**Assignment**. Given the entries below, would you transcribe exactly the lines starting at the one with "Shorts Dynafit Alpine" and ending at the one with "Schnittblumen - was hilft wirklich? Schnittblumen", both kept, pictures omitted, nothing extra?

**Exercise data**.

* * * * * * * * *

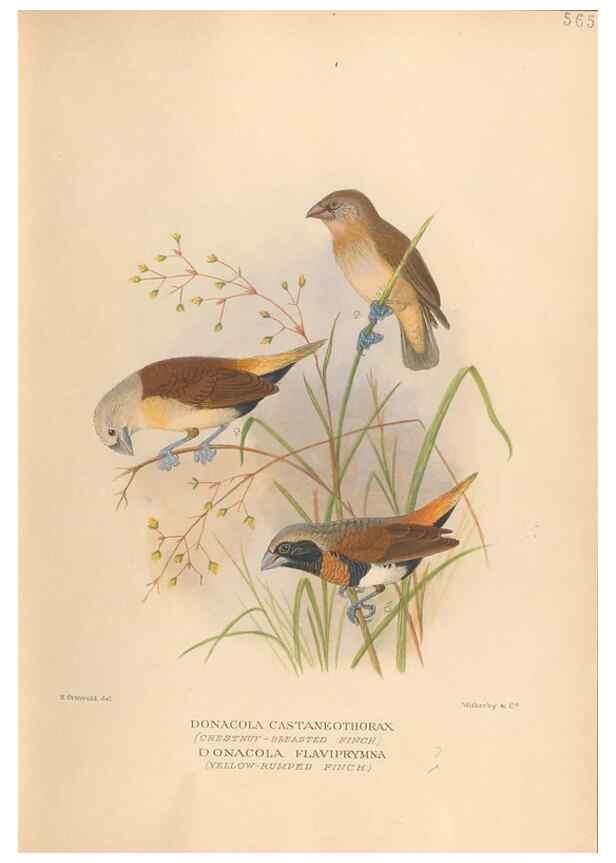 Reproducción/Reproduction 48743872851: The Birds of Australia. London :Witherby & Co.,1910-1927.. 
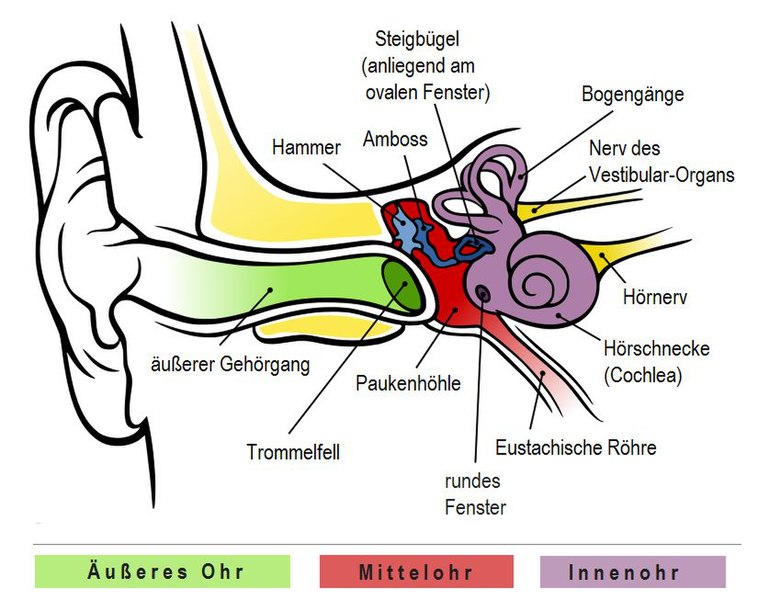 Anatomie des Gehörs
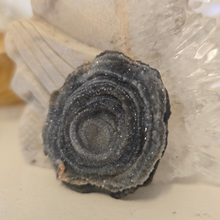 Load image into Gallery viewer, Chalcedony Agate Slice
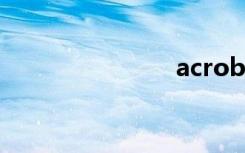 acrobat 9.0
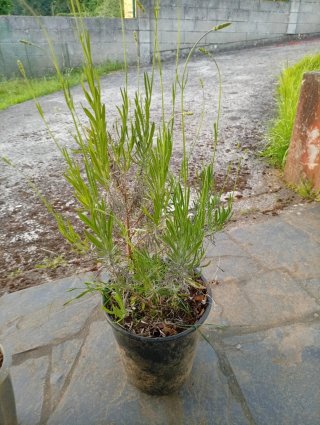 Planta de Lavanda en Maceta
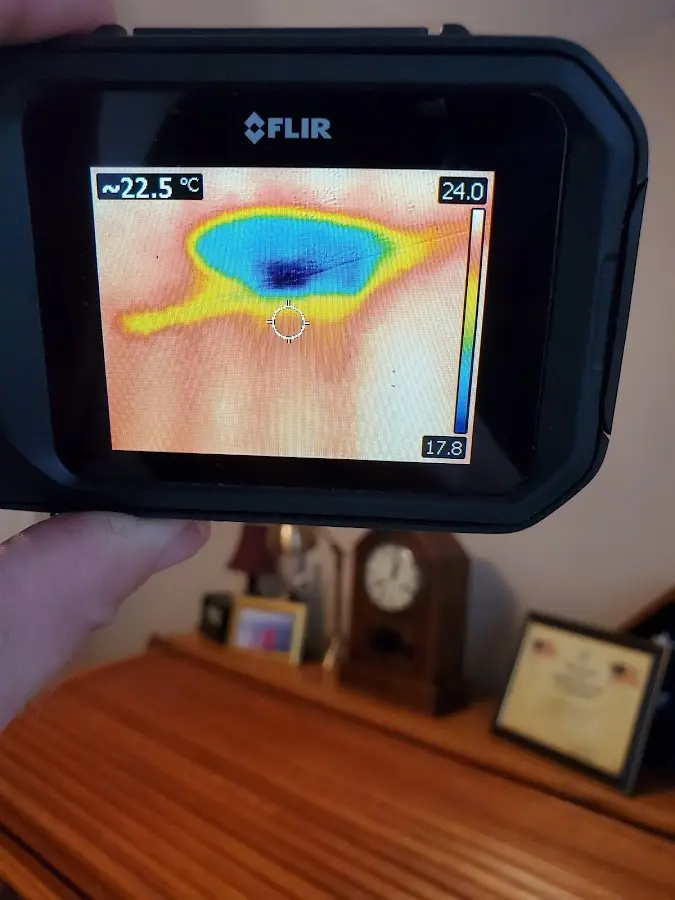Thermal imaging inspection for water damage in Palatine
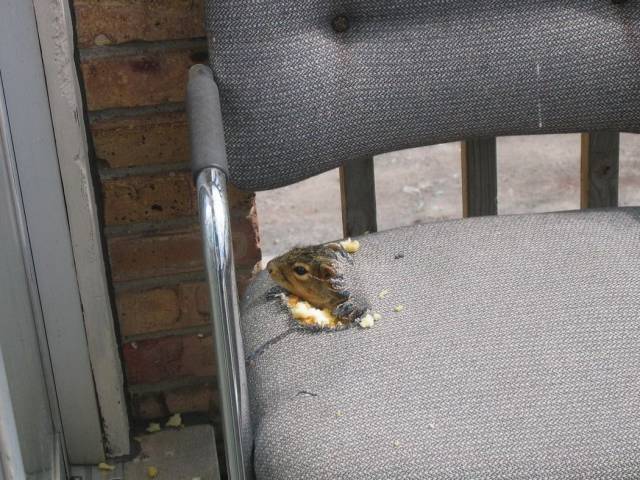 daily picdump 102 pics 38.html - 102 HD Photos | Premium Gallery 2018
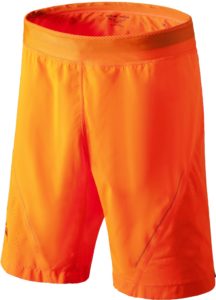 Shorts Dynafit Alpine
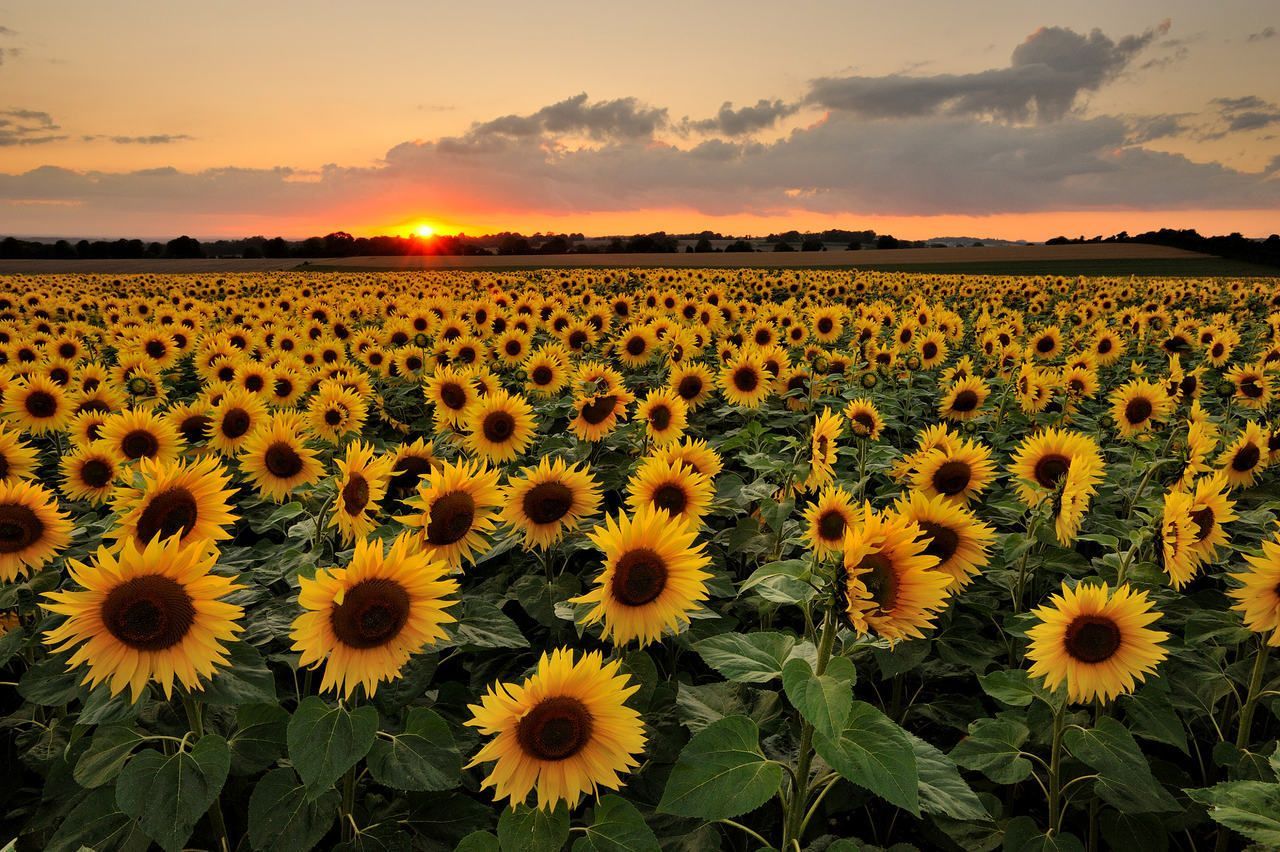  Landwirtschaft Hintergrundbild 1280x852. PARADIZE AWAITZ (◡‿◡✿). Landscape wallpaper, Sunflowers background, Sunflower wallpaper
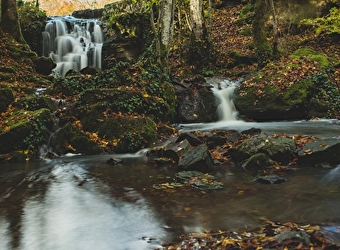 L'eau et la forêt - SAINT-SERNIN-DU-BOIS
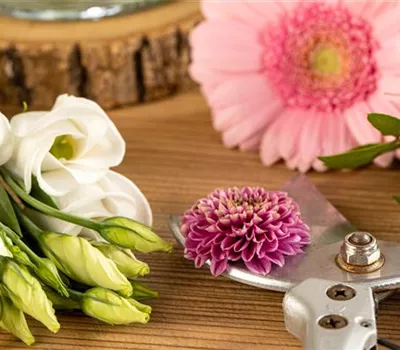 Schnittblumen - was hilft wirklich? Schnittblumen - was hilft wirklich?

* * * * * * * * *

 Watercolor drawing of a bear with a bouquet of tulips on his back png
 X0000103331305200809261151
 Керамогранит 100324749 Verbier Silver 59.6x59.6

* * * * * * * * *

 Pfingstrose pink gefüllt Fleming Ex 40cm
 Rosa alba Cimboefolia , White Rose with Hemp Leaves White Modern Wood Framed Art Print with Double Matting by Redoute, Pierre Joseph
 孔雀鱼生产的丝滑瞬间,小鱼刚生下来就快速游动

* * * * * * * * *

**Answer to the exercise**.
 Shorts Dynafit Alpine
  Landwirtschaft Hintergrundbild 1280x852. PARADIZE AWAITZ (◡‿◡✿). Landscape wallpaper, Sunflowers background, Sunflower wallpaper
 L'eau et la forêt - SAINT-SERNIN-DU-BOIS
 Schnittblumen - was hilft wirklich? Schnittblumen - was hilft wirklich?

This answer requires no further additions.